▶ **What to do**: Return all the entries exactly. No pictures.

(Image-text web data)

★ ★ ★

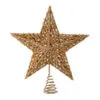 13" Champagne Sequin Beaded Star Tree Topper -Christmas decorations 4390266645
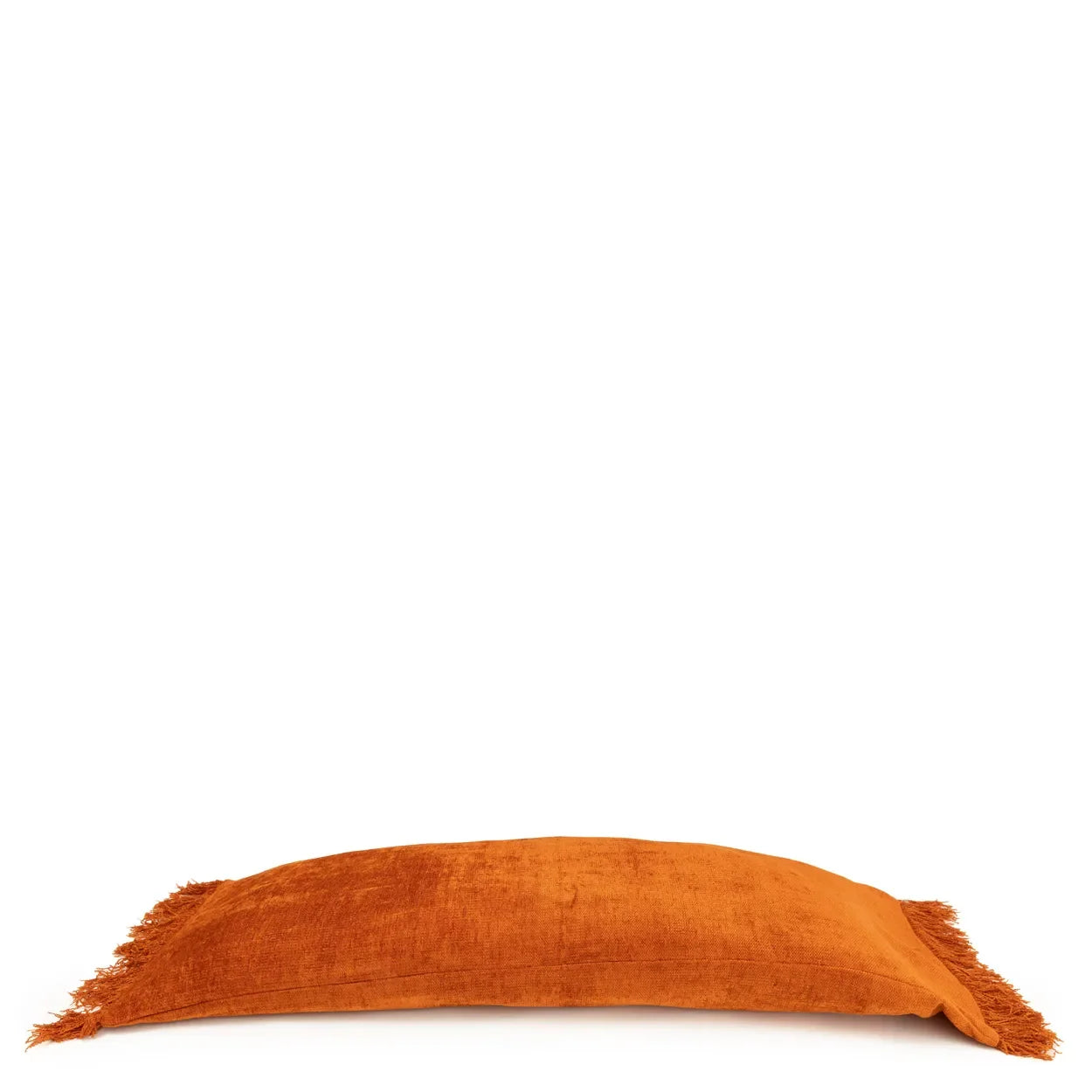 Oreiller lumbar frangé orange en velours pour Housse de coussin velours rouille 35x100 cm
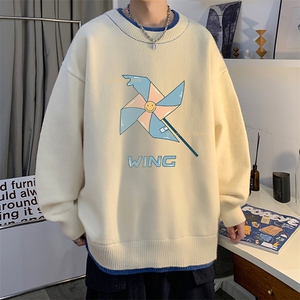控78 假两件毛衣男大码加绒针织衫男毛线衣M80112-P55  加绒P70图片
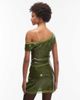 ASOS DESIGN ASOS DESIGN sequin mesh mix off the shoulder top in olive - part of a set-Green - 4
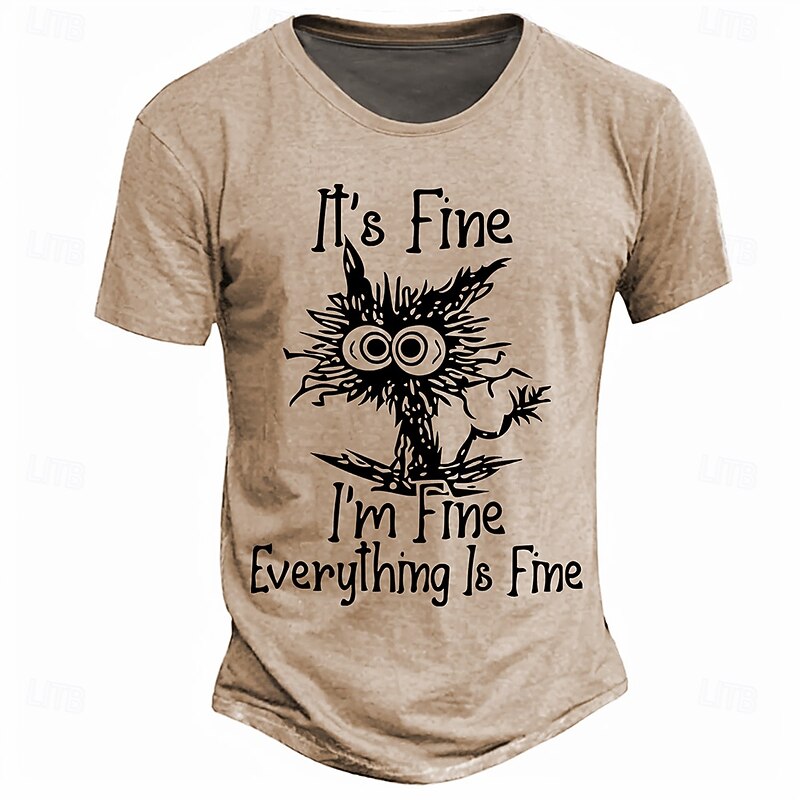 Men's Short Sleeve Graphic T-Shirt "It's Fine I'm Fine Everything Is Fine" Funny Stressed Cat Print4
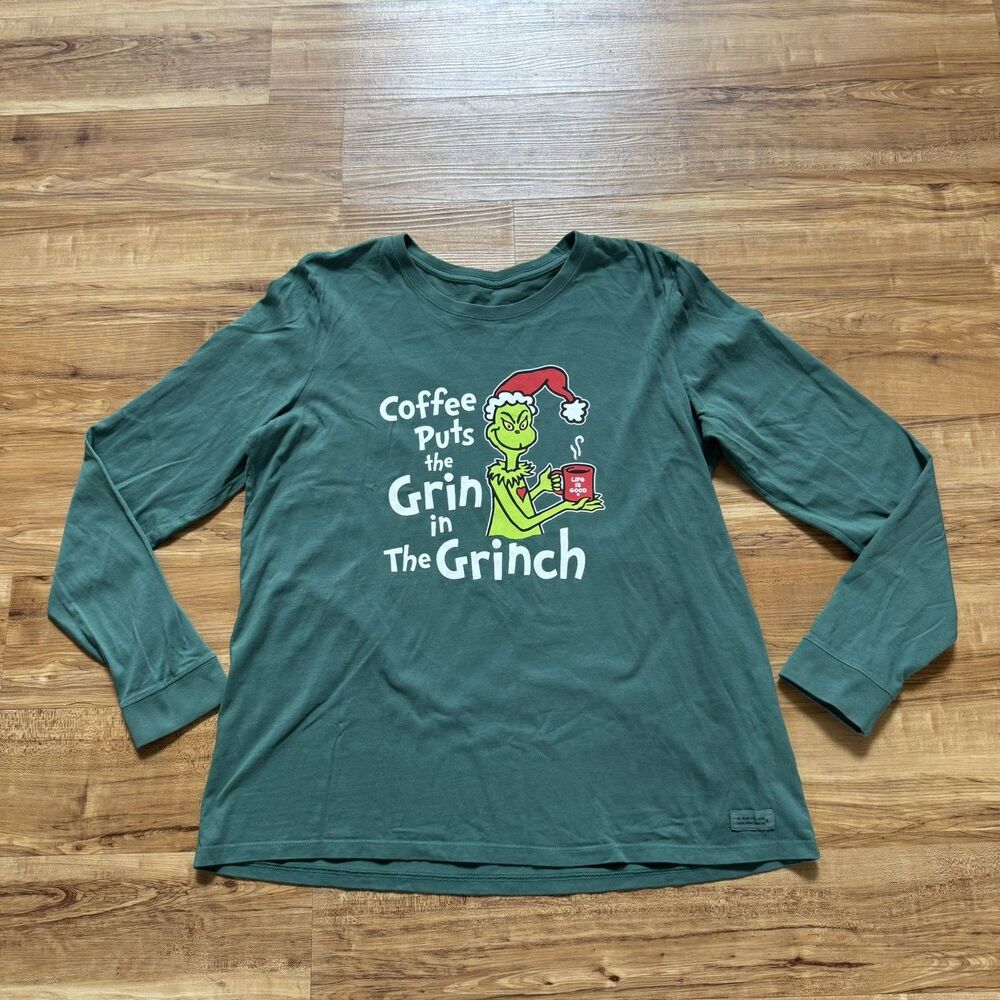 Life is Good Women XL Green The Grinch Crusher Long Sleeve Christmas Tee Coffee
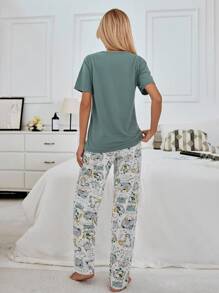 EURMUSE 2Pcs Cotton Cute Animals Printed Shirt And Animals Printed Sleep Bottom Homewear PJ Set - Green - View 2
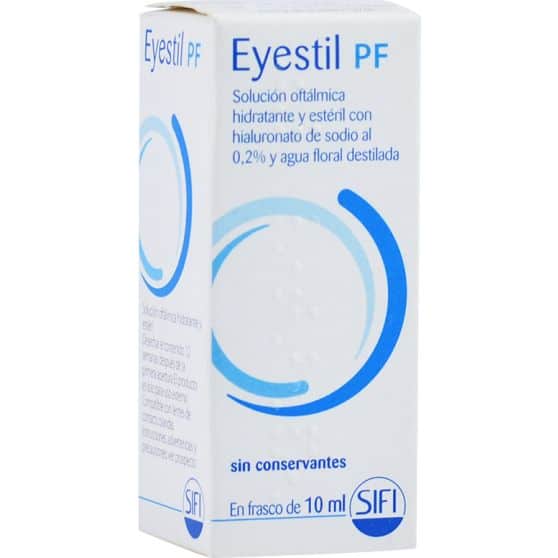 foto de la caja de eyestil PF para el cuidado de los ojos irritados y ojos secos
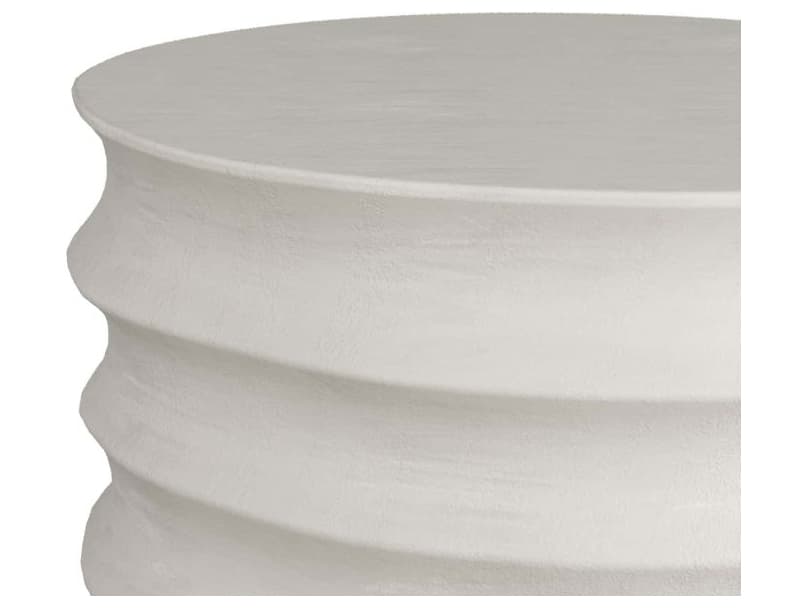 Arteriors Home Reiko Round Metal White Gesso End Table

★ ★ ★

▶ **Task output**:
 13" Champagne Sequin Beaded Star Tree Topper -Christmas decorations 4390266645
 Oreiller lumbar frangé orange en velours pour Housse de coussin velours rouille 35x100 cm
控78 假两件毛衣男大码加绒针织衫男毛线衣M80112-P55  加绒P70图片
 ASOS DESIGN ASOS DESIGN sequin mesh mix off the shoulder top in olive - part of a set-Green - 4
 Men's Short Sleeve Graphic T-Shirt "It's Fine I'm Fine Everything Is Fine" Funny Stressed Cat Print4
 Life is Good Women XL Green The Grinch Crusher Long Sleeve Christmas Tee Coffee
 EURMUSE 2Pcs Cotton Cute Animals Printed Shirt And Animals Printed Sleep Bottom Homewear PJ Set - Green - View 2
 foto de la caja de eyestil PF para el cuidado de los ojos irritados y ojos secos
 Arteriors Home Reiko Round Metal White Gesso End Table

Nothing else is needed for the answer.